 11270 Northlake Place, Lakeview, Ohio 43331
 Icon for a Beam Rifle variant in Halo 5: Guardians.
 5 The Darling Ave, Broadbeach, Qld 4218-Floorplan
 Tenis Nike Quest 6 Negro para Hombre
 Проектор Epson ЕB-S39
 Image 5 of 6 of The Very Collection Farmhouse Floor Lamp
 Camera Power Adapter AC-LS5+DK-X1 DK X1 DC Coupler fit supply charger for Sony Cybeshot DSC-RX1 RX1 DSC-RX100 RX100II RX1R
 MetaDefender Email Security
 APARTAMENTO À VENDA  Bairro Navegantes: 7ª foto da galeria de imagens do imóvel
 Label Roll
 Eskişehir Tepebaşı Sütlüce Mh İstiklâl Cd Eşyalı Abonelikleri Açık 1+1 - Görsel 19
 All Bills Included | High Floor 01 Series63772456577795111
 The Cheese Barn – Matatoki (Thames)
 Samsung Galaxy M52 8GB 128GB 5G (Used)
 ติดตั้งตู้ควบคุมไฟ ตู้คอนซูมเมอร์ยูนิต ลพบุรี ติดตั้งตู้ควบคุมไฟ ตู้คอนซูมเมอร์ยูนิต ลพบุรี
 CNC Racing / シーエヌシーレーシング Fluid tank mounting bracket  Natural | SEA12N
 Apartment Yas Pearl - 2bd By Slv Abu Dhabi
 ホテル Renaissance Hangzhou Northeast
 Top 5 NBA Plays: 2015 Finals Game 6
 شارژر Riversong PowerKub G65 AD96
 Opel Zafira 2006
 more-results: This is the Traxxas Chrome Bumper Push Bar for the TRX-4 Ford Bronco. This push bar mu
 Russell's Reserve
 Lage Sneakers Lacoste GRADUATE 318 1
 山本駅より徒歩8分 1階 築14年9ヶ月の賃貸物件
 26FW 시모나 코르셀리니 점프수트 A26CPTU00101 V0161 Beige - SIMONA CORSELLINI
..........
Your objective - In this exercise, reproduce the material word for word, in full.

Solution to this exercise -
 11270 Northlake Place, Lakeview, Ohio 43331
 Icon for a Beam Rifle variant in Halo 5: Guardians.
 5 The Darling Ave, Broadbeach, Qld 4218-Floorplan
 Tenis Nike Quest 6 Negro para Hombre
 Проектор Epson ЕB-S39
 Image 5 of 6 of The Very Collection Farmhouse Floor Lamp
 Camera Power Adapter AC-LS5+DK-X1 DK X1 DC Coupler fit supply charger for Sony Cybeshot DSC-RX1 RX1 DSC-RX100 RX100II RX1R
 MetaDefender Email Security
 APARTAMENTO À VENDA  Bairro Navegantes: 7ª foto da galeria de imagens do imóvel
 Label Roll
 Eskişehir Tepebaşı Sütlüce Mh İstiklâl Cd Eşyalı Abonelikleri Açık 1+1 - Görsel 19
 All Bills Included | High Floor 01 Series63772456577795111
 The Cheese Barn – Matatoki (Thames)
 Samsung Galaxy M52 8GB 128GB 5G (Used)
 ติดตั้งตู้ควบคุมไฟ ตู้คอนซูมเมอร์ยูนิต ลพบุรี ติดตั้งตู้ควบคุมไฟ ตู้คอนซูมเมอร์ยูนิต ลพบุรี
 CNC Racing / シーエヌシーレーシング Fluid tank mounting bracket  Natural | SEA12N
 Apartment Yas Pearl - 2bd By Slv Abu Dhabi
 ホテル Renaissance Hangzhou Northeast
 Top 5 NBA Plays: 2015 Finals Game 6
 شارژر Riversong PowerKub G65 AD96
 Opel Zafira 2006
 more-results: This is the Traxxas Chrome Bumper Push Bar for the TRX-4 Ford Bronco. This push bar mu
 Russell's Reserve
 Lage Sneakers Lacoste GRADUATE 318 1
 山本駅より徒歩8分 1階 築14年9ヶ月の賃貸物件
 26FW 시모나 코르셀리니 점프수트 A26CPTU00101 V0161 Beige - SIMONA CORSELLINI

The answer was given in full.